Exercise details
An exact copy of every entry is needed, without any of the pictures.

☆ ☆ ☆ ☆ ☆ ☆ ☆

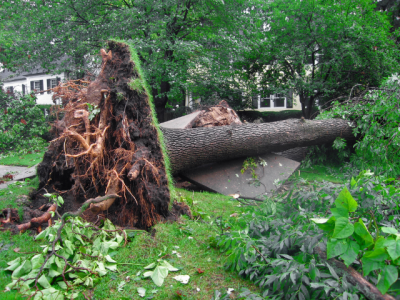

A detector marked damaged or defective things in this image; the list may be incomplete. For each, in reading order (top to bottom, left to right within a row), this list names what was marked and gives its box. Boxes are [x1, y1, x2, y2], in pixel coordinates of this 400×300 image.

broken concrete sidewalk slab [159, 110, 202, 129]
broken concrete sidewalk slab [0, 165, 38, 189]
broken concrete sidewalk slab [181, 154, 300, 200]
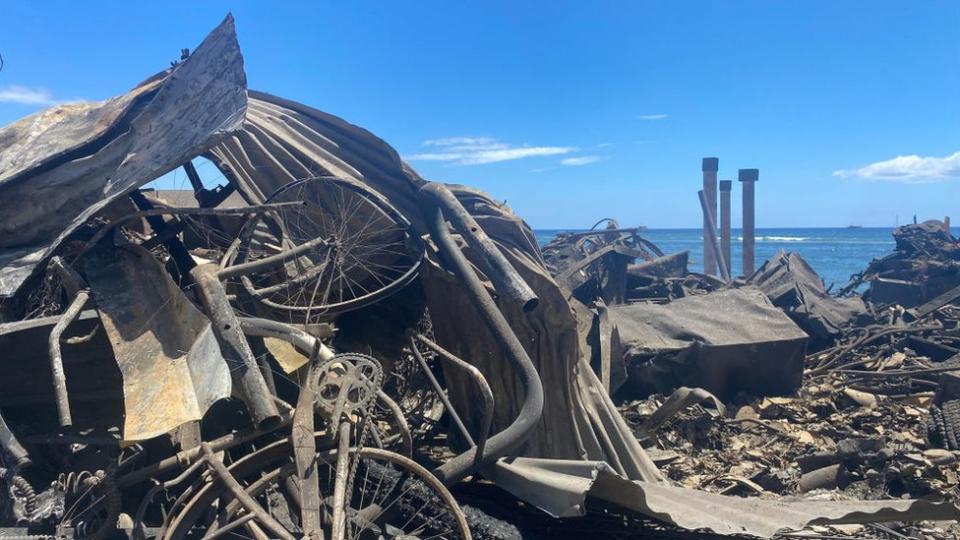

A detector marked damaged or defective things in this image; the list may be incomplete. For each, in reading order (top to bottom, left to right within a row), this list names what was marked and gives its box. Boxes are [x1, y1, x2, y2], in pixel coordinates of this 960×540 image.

destroyed vehicle part [223, 175, 426, 318]
burned bicycle wheel [225, 177, 424, 320]
destroyed vehicle part [422, 195, 544, 486]
burned personal belongings [752, 250, 872, 344]
burned personal belongings [844, 217, 960, 306]
destroyed vehicle part [928, 398, 960, 450]
destroyed vehicle part [159, 434, 470, 540]
burned bicycle wheel [163, 440, 470, 536]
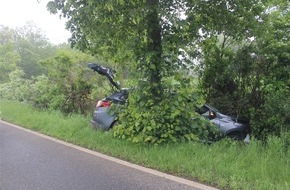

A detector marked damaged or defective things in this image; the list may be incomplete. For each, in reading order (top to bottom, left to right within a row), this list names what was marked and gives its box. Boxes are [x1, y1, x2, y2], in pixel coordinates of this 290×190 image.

damaged car body [88, 63, 249, 141]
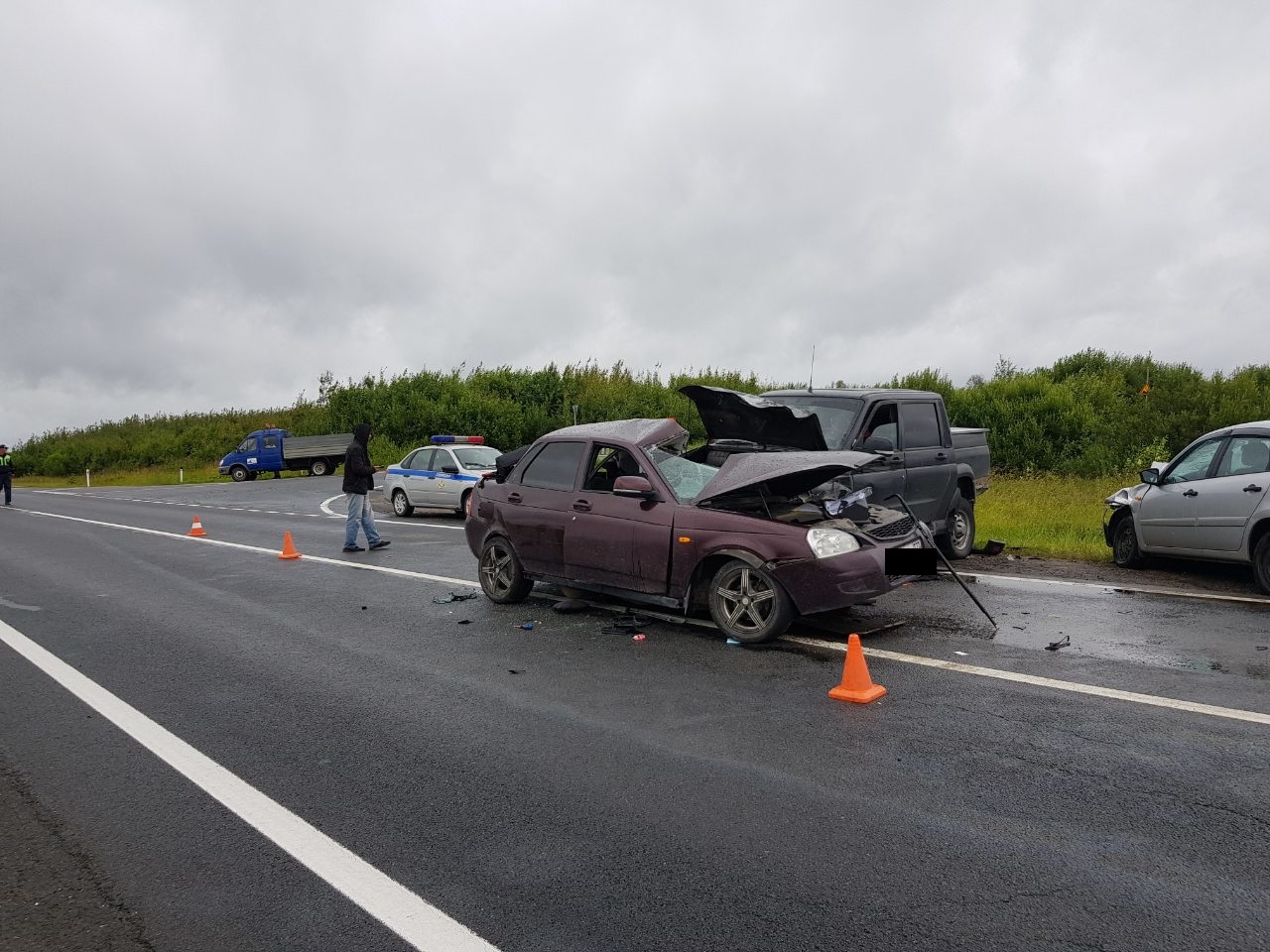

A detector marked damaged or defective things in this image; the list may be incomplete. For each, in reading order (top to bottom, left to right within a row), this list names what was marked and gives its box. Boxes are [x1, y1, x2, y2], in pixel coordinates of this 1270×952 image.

crushed car hood [679, 383, 829, 450]
shattered windshield [762, 397, 865, 452]
shattered windshield [651, 434, 718, 502]
crushed car hood [695, 448, 881, 506]
damaged dark red sedan [466, 420, 933, 643]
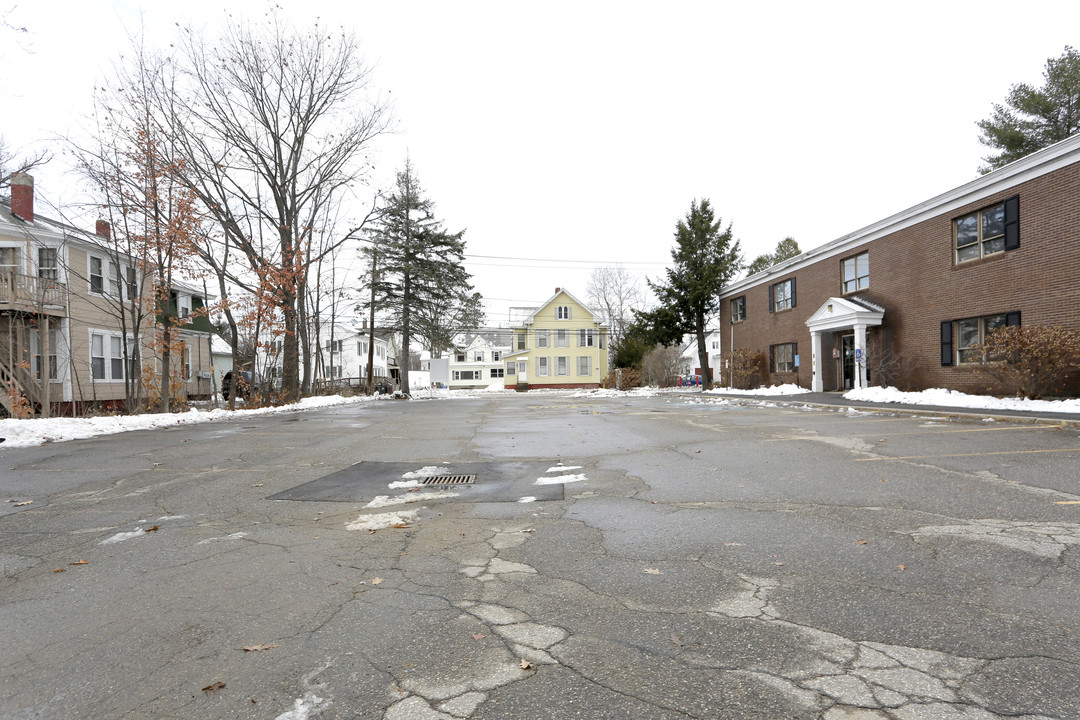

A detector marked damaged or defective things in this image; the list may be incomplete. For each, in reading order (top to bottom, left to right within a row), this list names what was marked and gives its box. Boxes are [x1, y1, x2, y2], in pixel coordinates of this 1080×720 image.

cracked asphalt [2, 395, 1080, 720]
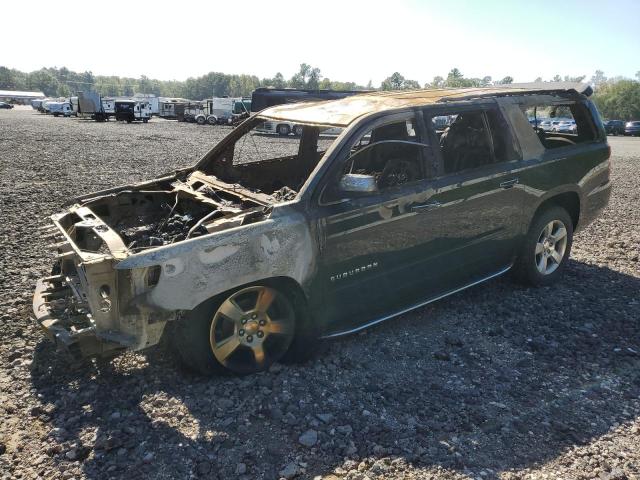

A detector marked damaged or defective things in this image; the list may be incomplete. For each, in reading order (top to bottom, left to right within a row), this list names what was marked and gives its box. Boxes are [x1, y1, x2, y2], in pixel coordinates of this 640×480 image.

damaged front end [32, 171, 272, 358]
burned chevrolet suburban [32, 82, 612, 376]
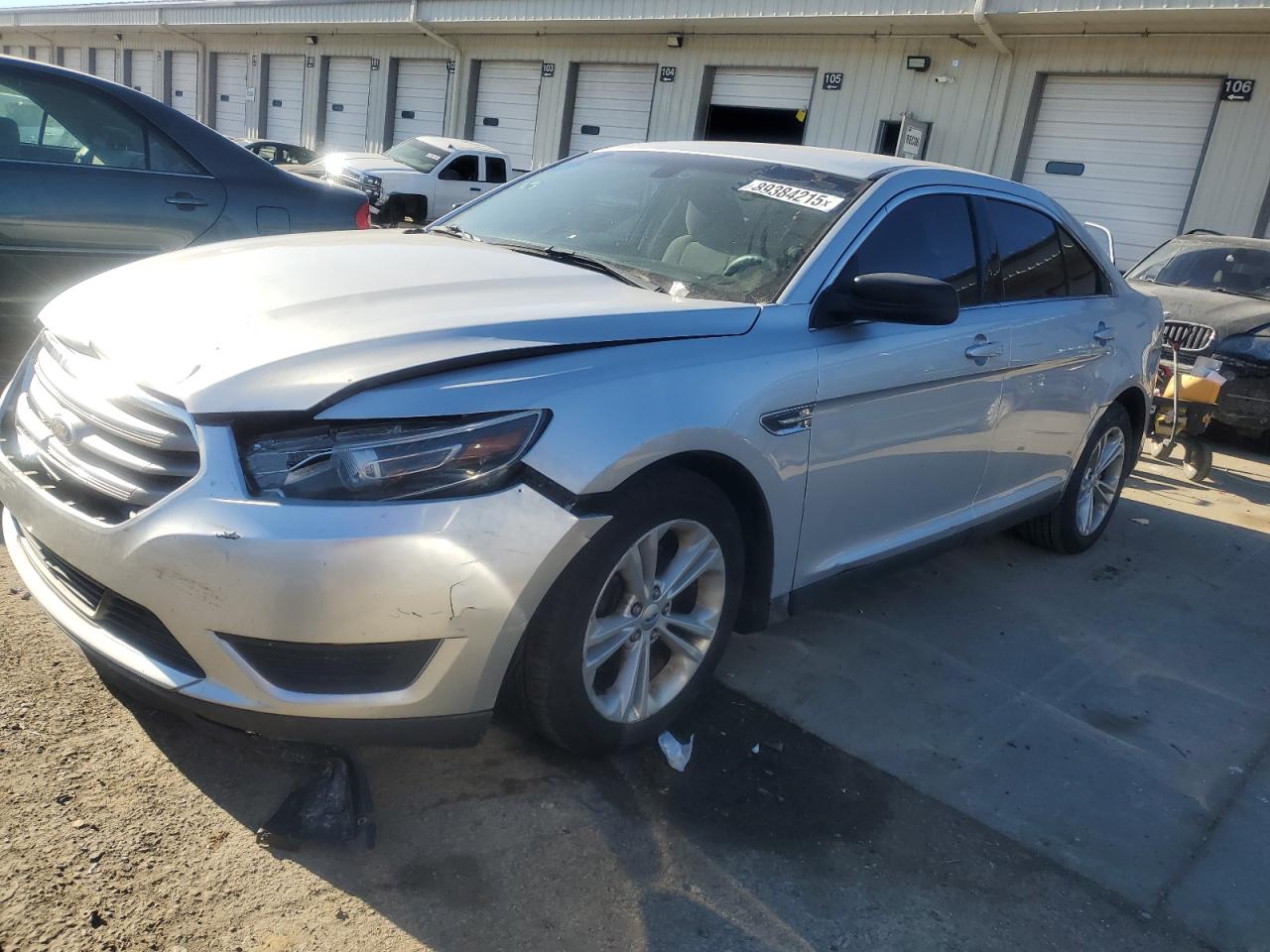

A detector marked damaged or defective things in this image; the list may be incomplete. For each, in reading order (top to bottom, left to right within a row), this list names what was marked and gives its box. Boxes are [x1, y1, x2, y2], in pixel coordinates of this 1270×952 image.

☆ ☆ ☆ ☆ ☆ ☆ ☆

Answer to this exercise
A detector marked damaged or defective things in this image; the list may be incomplete. For each, in reading order (top to bottom, left to right within a row), this list names what was marked and gives its box. Boxes are [x1, y1, x2, y2], in pixel coordinates of this 400×300 image.

broken concrete sidewalk slab [159, 110, 202, 129]
broken concrete sidewalk slab [0, 165, 38, 189]
broken concrete sidewalk slab [181, 154, 300, 200]

A detector marked damaged or defective things in this image; the list may be incomplete. For each, in reading order (top to bottom, left to right within a row), this list names what was marked and gives its box. Boxes are [x1, y1, x2, y2], in pixel coordinates of this 960×540 image.

destroyed vehicle part [223, 175, 426, 318]
burned bicycle wheel [225, 177, 424, 320]
destroyed vehicle part [422, 195, 544, 486]
burned personal belongings [752, 250, 872, 344]
burned personal belongings [844, 217, 960, 306]
destroyed vehicle part [928, 398, 960, 450]
destroyed vehicle part [159, 434, 470, 540]
burned bicycle wheel [163, 440, 470, 536]

A detector marked damaged or defective things in this image; the list may be incomplete. For each, in reading order (top to bottom, left to right within a row), this list names what was marked and gives its box. Boxes are [x1, y1, x2, y2], in pixel coordinates of this 290×190 image.

damaged car body [88, 63, 249, 141]

A detector marked damaged or defective things in this image; the list may be incomplete. For each, in reading order (top to bottom, left to right within a row), this list names what was marked and gives its box. Boxes are [x1, y1, x2, y2], in pixel coordinates of this 1270×952 image.

crushed car hood [679, 383, 829, 450]
shattered windshield [762, 397, 865, 452]
shattered windshield [651, 434, 718, 502]
crushed car hood [695, 448, 881, 506]
damaged dark red sedan [466, 420, 933, 643]

A detector marked damaged or defective things in this image; the list may be incomplete. For each, in reading order (top to bottom, left to right within a row), this list names what was marked and gives its box. Boxes are [x1, y1, x2, y2], in pixel coordinates of this 1080×720 image.

cracked asphalt [2, 395, 1080, 720]

A detector marked damaged or defective things in this image; the list may be incomplete. For each, in reading order (top to bottom, left to right within a row), this list names what was marked and gives its box. Boxes are [x1, y1, x2, y2], in pixel coordinates of this 640×480 image.

damaged front end [32, 171, 272, 358]
burned chevrolet suburban [32, 82, 612, 376]

A detector marked damaged or defective things in this image; the list may be incomplete. For each, in reading order (top to bottom, left to right within a row), this list names what was marked and gives its box. Boxes are [x1, y1, x2, y2], in pixel coordinates of this 1270×952 image.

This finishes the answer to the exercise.